En ce qui concerne les moyens dirigés contre l'arrêté en tant qu'il procède à l'extension de certaines stipulations de la convention :

10. En premier lieu, aux termes de l'article L. 1254-5 du code du travail : " Les activités de services à la personne mentionnées à l'article L. 7231-1 ne peuvent faire l'objet d'un contrat de travail en portage salarial ". L'article 1er de la convention étendue par l'arrêté attaqué se borne à reproduire la loi en ce qu'il stipule, pour définir le champ d'application de la convention, que " les prestations de service à la personne ne peuvent pas être effectuées en portage salarial ". Dès lors, la fédération requérante ne peut utilement soutenir que cette stipulation méconnaîtrait la liberté d'entreprendre.
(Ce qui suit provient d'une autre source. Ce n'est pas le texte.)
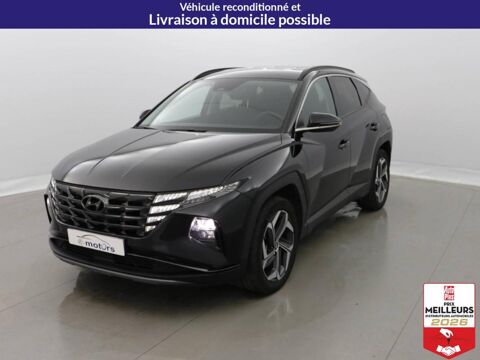 Annonce voiture Hyundai Tucson 26700 €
11. En deuxième lieu, contrairement à ce que soutient la fédération requérante, il résulte clairement des stipulations de l'article 1er de la convention étendue par l'arrêté attaqué ainsi que de celles son chapitre VIII, qui prévoient que les salariés qu'elle régit ont la qualité de technicien, d'agent de maîtrise ou de cadre, que ces stipulations n'ont ni pour objet ni pour effet de faire obstacle, par elles-mêmes, à ce que des ouvriers et des employés puissent acquérir la qualité de salarié porté, mais seulement de conférer à tout salarié porté régi par la convention la qualité de technicien, d'agent de maîtrise ou de cadre.
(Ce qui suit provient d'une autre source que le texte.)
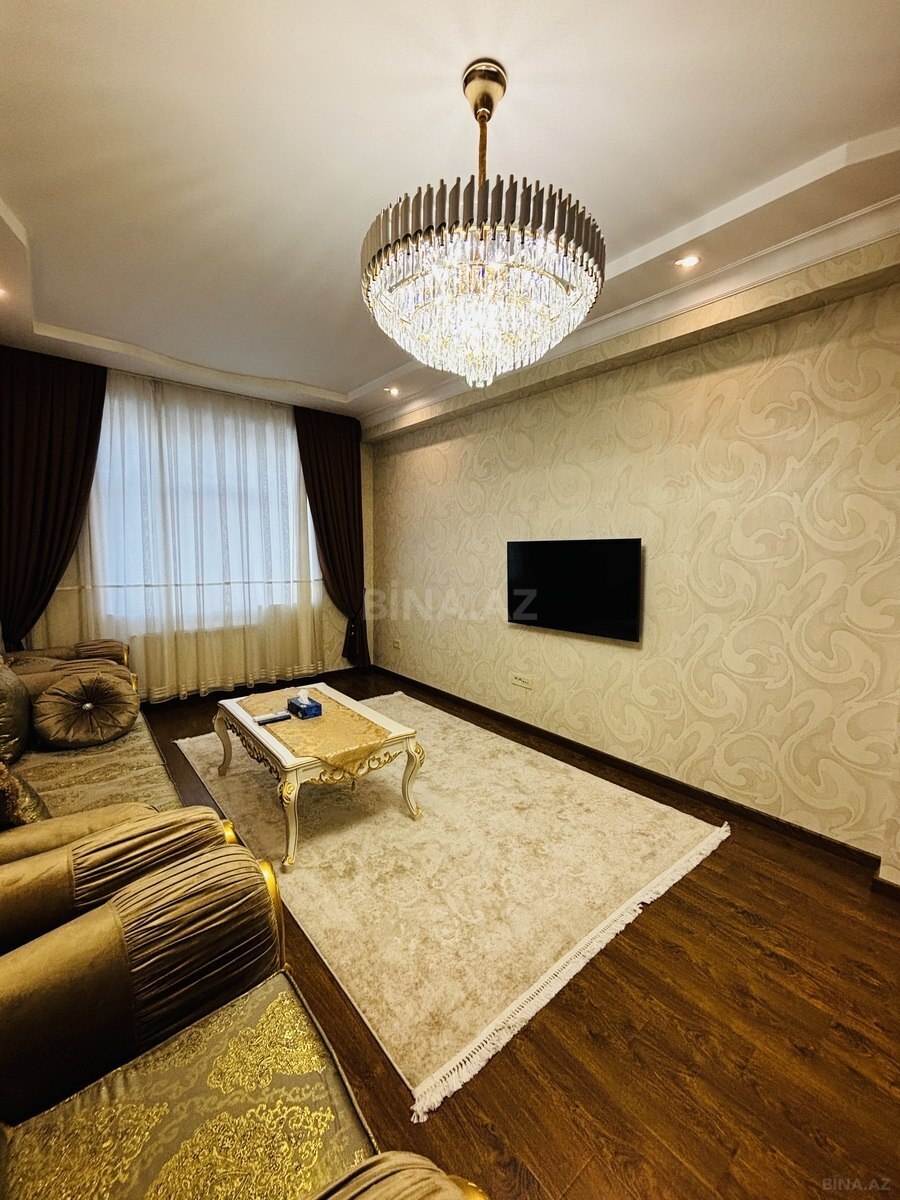 2 otaqlı Yeni tikili, Nərimanov r., Bakı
12. En troisième lieu, aux termes de l'article L. 1254-2 du code du travail : " I. - Le salarié porté justifie d'une expertise, d'une qualification et d'une autonomie qui lui permettent de rechercher lui-même ses clients et de convenir avec eux des conditions d'exécution de sa prestation et de son prix. / II.- Le salarié porté bénéficie d'une rémunération minimale définie par accord de branche étendu. A défaut d'accord de branche étendu, le montant de la rémunération mensuelle minimale est fixé à 75 % de la valeur mensuelle du plafond de la sécurité sociale prévu à l'article L. 241-3 du code de la sécurité sociale pour une activité équivalant à un temps plein (...) ". L'article 2.2 de la convention étendue par l'arrêté attaqué stipule que les salariés portés doivent avoir une qualification professionnelle au moins égale au niveau III ou une expérience significative de trois ans au moins dans le même secteur d'activité. En outre, l'article 21.3 de la même convention fixe pour les salariés portés des rémunérations minimales comprenant une " réserve financière " ainsi qu'un salaire minimum qui s'échelonne, en fonction de la catégorie à laquelle appartient le salarié concerné, entre 70% et 85% du plafond de la sécurité sociale. La requérante soutient que les stipulations de ces deux articles méconnaissent la liberté d'entreprendre garantie par l'article 4 de la Déclaration des droits de l'homme et du citoyen, dès lors qu'elles feraient obstacle à ce qu'exercent en qualité de salarié porté des personnes qui ne parviennent pas à trouver un emploi après plusieurs années de recherche, ou des personnes qui choisissent ce statut pour commencer une nouvelle activité, ou encore des personnes dont les prestations ne pourront faire l'objet d'une facturation suffisamment importante pour couvrir les niveaux minimum de rémunération prévus. Par une telle argumentation, la requérante, qui ne critique ni la compétence des parties à la convention pour adopter de telles stipulations, ni la conformité à la loi de ces stipulations, doit être regardée comme critiquant, au regard de la liberté d'entreprendre, le principe, posé par la loi, de conditions pour l'exercice d'une activité en qualité de salarié porté. Or, une telle critique ne saurait être portée devant le Conseil d'Etat, statuant au contentieux en dehors de la procédure prévue à l'article 61-1 de la Constitution. Dès lors, le moyen ne peut qu'être écarté.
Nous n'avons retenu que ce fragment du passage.